**EXCERPTED RECORDS:**
********
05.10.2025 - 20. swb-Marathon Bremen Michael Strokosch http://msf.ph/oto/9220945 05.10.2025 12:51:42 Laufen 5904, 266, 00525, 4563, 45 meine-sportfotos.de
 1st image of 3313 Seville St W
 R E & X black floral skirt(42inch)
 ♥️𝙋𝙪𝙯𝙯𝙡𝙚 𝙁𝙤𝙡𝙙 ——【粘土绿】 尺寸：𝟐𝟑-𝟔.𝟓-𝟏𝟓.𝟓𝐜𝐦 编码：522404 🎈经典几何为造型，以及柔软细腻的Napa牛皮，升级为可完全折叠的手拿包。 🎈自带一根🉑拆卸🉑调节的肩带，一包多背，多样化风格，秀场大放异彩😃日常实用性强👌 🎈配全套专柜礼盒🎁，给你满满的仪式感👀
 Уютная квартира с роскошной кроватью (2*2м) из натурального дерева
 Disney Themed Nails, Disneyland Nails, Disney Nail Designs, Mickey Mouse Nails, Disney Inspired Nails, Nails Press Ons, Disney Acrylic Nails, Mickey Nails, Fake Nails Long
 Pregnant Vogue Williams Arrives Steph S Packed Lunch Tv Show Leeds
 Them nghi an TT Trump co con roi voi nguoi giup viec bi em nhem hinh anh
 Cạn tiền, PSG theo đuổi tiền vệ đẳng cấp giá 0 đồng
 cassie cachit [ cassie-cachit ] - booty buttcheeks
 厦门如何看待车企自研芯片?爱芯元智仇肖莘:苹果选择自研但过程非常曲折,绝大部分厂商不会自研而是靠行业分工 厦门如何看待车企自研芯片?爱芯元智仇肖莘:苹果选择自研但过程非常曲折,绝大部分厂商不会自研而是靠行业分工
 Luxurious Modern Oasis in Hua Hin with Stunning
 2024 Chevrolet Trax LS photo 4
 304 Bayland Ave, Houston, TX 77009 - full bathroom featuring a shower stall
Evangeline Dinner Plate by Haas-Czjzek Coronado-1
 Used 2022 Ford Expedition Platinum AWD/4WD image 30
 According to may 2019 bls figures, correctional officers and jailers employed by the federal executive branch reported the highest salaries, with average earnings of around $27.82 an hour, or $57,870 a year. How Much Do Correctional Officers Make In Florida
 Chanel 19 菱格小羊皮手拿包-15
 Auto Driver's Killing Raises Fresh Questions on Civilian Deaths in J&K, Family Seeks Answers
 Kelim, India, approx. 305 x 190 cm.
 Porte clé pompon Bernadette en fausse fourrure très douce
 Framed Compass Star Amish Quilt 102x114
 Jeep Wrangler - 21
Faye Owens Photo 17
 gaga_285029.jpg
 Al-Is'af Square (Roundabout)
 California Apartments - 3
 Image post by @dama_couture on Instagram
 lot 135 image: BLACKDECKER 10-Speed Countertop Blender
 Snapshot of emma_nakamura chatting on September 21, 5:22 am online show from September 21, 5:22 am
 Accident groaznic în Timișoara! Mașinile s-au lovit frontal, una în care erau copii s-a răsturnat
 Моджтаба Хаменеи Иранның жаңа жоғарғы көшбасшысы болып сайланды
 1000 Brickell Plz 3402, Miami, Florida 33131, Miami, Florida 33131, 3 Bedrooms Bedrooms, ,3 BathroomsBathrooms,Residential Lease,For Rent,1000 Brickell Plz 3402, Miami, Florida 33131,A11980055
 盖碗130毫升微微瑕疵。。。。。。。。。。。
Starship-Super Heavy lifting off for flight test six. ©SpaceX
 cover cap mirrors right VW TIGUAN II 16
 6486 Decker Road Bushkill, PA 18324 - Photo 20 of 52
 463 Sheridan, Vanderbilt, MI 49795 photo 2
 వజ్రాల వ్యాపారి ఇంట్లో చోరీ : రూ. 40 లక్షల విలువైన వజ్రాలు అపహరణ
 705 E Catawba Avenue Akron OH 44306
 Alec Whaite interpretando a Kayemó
********
**EXERCISE:** Whenever the string "Florida" turns up in a line above, copy that line out.

**SOLUTION FOR THIS PROBLEM:**
 According to may 2019 bls figures, correctional officers and jailers employed by the federal executive branch reported the highest salaries, with average earnings of around $27.82 an hour, or $57,870 a year. How Much Do Correctional Officers Make In Florida
 1000 Brickell Plz 3402, Miami, Florida 33131, Miami, Florida 33131, 3 Bedrooms Bedrooms, ,3 BathroomsBathrooms,Residential Lease,For Rent,1000 Brickell Plz 3402, Miami, Florida 33131,A11980055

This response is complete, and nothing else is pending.